Mengejar yang Akan Datang dengan Sendirinya


Banyak hal di dunia ini yang kita inginkan dan kita kejar mati-matian walaupun sebenarnya tidak selayak itu untuk diperjuangkan. Uang misalnya. Teman saya berusaha kesana-kemari mencari pekerjaan dan ia terlihat begitu putus asa dan tertekan. Padahal apa yang sedang ia jalani saat ini juga sebuah pekerjaan. Teman satu jurusan saya yang beda universitas kemarin juga mengeluh bahwa ia sedang tertekan, dia bingung kalau sudah lulus nanti mau kerja apa, cari uang dari mana untuk hidup, dan mau kerja di mana. Padahal dia sekarang baru semester lima. Saya bahkan sampai lulus tidak terlalu memusingkan hal demikian. Hm, padahal kalau dilihat secara kasap mata hidup mereka lebih cukup daripada saya.

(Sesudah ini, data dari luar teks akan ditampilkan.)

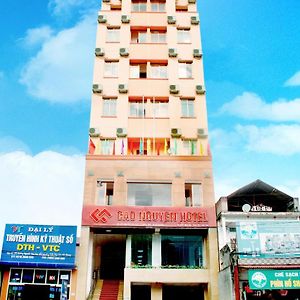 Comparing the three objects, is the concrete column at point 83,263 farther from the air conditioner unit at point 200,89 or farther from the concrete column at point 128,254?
the air conditioner unit at point 200,89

Kadang saya berpikir, apakah mungkin pikiran bahwa ‘uang tidaklah sepenting itu untuk dicintai’ dalam diri saya muncul, karena saya tidaklah sekaya mereka yang punya uang melebihi apa yang mereka perlukan. Apakah mungkin pikiran bahwa ‘harta tidaklah sepenting itu untuk dicari’ dalam diri saya muncul, karena saya tidaklah ‘seberuntung’ mereka yang punya segalanya. Atau apakah ini mungkin hanya penyangkalan saya semata? Bahwa saya memang tidak sehebat itu untuk mampu membeli segala yang saya butuhkan; apalagi segala yang saya inginkan.

Kalau ditanya titik terendah dalam hidup saya dan keluarga, jawabannya adalah pada masa-masa saya masih sekolah meskipun orang tua saya selalu berusaha memberikan apa yang diinginkan putra-putrinya. Oleh karenanya sejak lulus Aliyah saya merasa tidak lagi memiliki wajah untuk meminta uang kepada orang tua saya; bila itu hanya untuk keinginan saya memiliki ponsel terbaru, atau baju baru karena baju yang saya pakai ya cuma itu-itu saja, atau sepatu baru—karena saya tidak punya sepasang sepatu yang cukup untuk saya pakai 7 kali bergantian dalam satu minggu. Tapi saya merasa semuanya baik-baik saja. Allah selalu memberi jalan sehingga saya masih bisa beli baju untuk kebutuhan, masih bisa makan apa yang sama mau, sesekali baju yang saya inginkan meskipun harus dengan menabung dan berpuasa terlebih dahulu.

Ada sebuah Indian Proverb yang berbunyi; I had no shoes and complained, until I met a man who had no feet. Anggap lah apa yang sudah saya lalui dalam hidup saya, mampu membuat saya mengamini kalimat barusan. Manusia butuh makan, tapi siapa bilang manusia butuh makan yang sangat enak? Manusia butuh pakaian, tapi siapa bilang manusi butuh pakaian yang sangat indah?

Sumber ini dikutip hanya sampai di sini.